In this series
Turkey’s president has for the first time confirmed publicly that an American pastor jailed for the past 12 months is being held as a political hostage.
In a speech at his presidential palace last Thursday, Recep Tayyip Erdoğan openly called on the United States to exchange pastor Andrew Brunson for Muslim cleric Fethullah Gülen, a Turkish citizen living in exile in the US since 1999 who is accused of masterminding last year’s failed coup via his international network of followers.
“[The US] says, ‘Give us the pastor back,’” Erdoğan said. “You have one pastor [of ours] as well. The pastor we have [Brunson] is on trial. [Gülen] is not—he is living in Pennsylvania. Give him to us. You can easily give him to us. You can give him right away. Then we will try [Brunson] and give him to you.”
But Erdoğan’s repeated demands to both the Obama and Trump administrations to extradite Gülen back to Turkey have not been successful.
Turkey has launched a massive internal crackdown over the past 15 months to identify and punish what it calls the FETO (Fethullah Terror Organization) network accused of infiltrating Turkey’s armed forces and government. More than 50,000 “suspected” judges, prosecutors, soldiers, academics, journalists, human rights activists, and police officers have been jailed, held for months in pre-trial detention.
Since last October, Brunson has been one of these prisoners. He remains jailed without any written indictment explaining his alleged charges or providing any evidence against him. Judicial proceedings remain stalled, and his lawyer continues to be refused access to the sealed file of accusations against him.
First detained to be deported as a “threat to national security,” Brunson had lived in Turkey for 23 years, involved in legally recognized church-related ministries.
Two months after his surprise detention in the port city of Izmir, where he led the small Izmir Resurrection Church, he was formally arrested on accusations of involvement in unspecified “terrorism” activities.
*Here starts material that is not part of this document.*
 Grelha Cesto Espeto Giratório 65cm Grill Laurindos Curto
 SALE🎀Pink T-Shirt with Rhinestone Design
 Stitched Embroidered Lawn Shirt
The presiding judge at his December 2016 hearing referred verbally to allegations linking Brunson to Gülen’s Hizmet movement.
Vague reports then appeared in the pro-government Turkish media, reiterating claims that Brunson’s “terrorism” charges were related to his alleged membership in the Islamic cleric’s FETO network.
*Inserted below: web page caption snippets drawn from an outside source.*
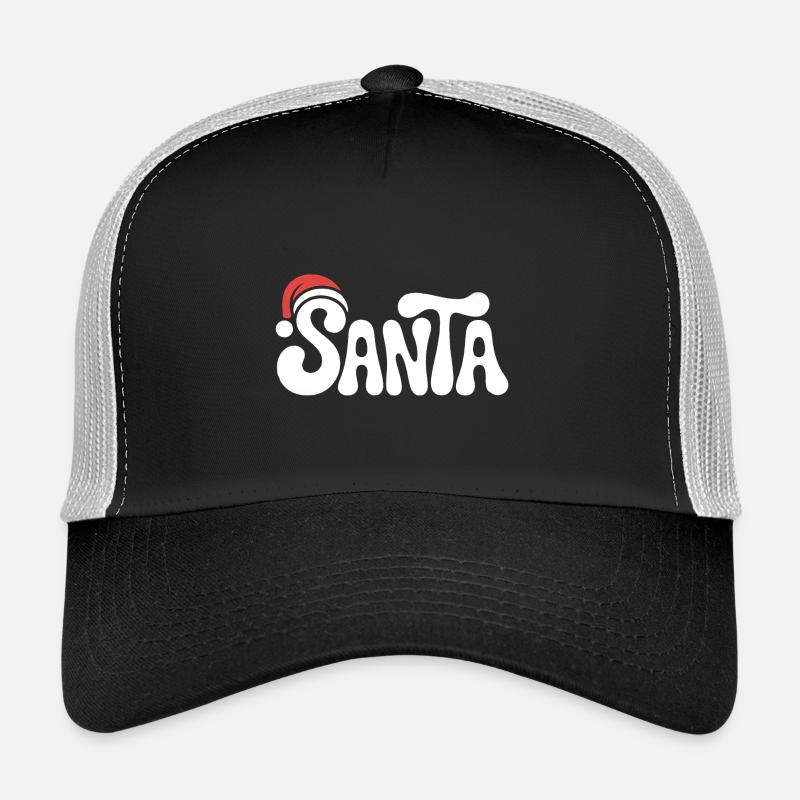 Père Noël - Logo de bande dessinée vintage cool Casquette trucker 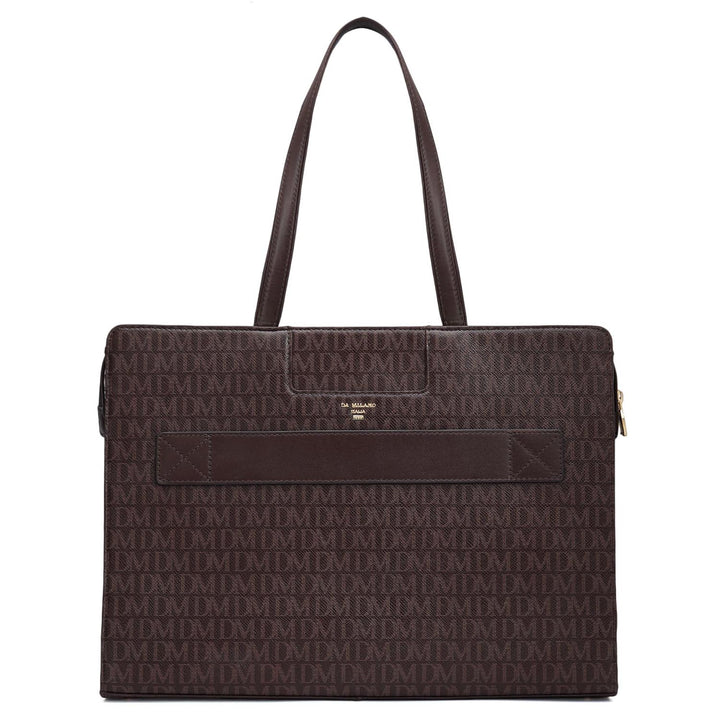 Siena Monogram Leather Shoulder Bag - Date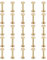 PATIKIL 25 Ensembles de Vis Chicago, Vis de Reliure Fendue M4x22mm en Laiton pour Ceinture en Cuir, Albums Photo de Scrapbooking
This past March, Turkey’s prime minister denied that Brunson was being held as a political bargaining chip to obtain Gülen’s extradition, telling a visiting USA Today reporter that such an idea was “nonsensical. These matters are separate.”
Then as recently as August, Brunson was informed that even more allegations had been filed against him in an Izmir court, charging him with spying to obtain secret political and military information to “overthrow the Turkish government” and undermine the country’s constitutional order.
Erdoğan continues to insist that “more than enough” evidence has been provided to the United States for a legal basis to extradite Gülen, apparently expecting President Trump to issue an executive order to simply “trade” the controversial cleric for Brunson.
But under US judicial procedures, extradition cases are decided by the federal court system, not the president or Congress. By contrast, under his new “state of emergency” decree issued on August 25, Erdoğan now has specific authority to arrange prisoner swaps to extradite foreigners jailed in Turkey.
The Turkish president is using this same decree to refuse to release German and other European citizens detained in Turkey in recent months on political allegations, demanding that their home countries first agree to extradite suspected Turkish FETO suspects applying for asylum abroad.
Erdoğan had declared in an August speech that the US must choose between Gülen and Turkey. “Sooner or later the US will make a choice. … Either the coup-plotting terrorist FETO, or the democratic country Turkey. The [US] has to make this choice.”
Hours after Erdoğan’s latest speech suggesting a swap of Gülen to free Brunson, spokeswoman Heather Nauert stated at a US State Department briefing, “I can’t imagine that we would go down that road.”
“We have received extradition requests for [Gülen],” she confirmed. “I have nothing new for you on that. We continue to call for pastor Brunson’s release. … He was wrongfully imprisoned in Turkey.”
US diplomatic officials last visited Brunson on September 18 in the maximum-security prison where he is being held in Izmir.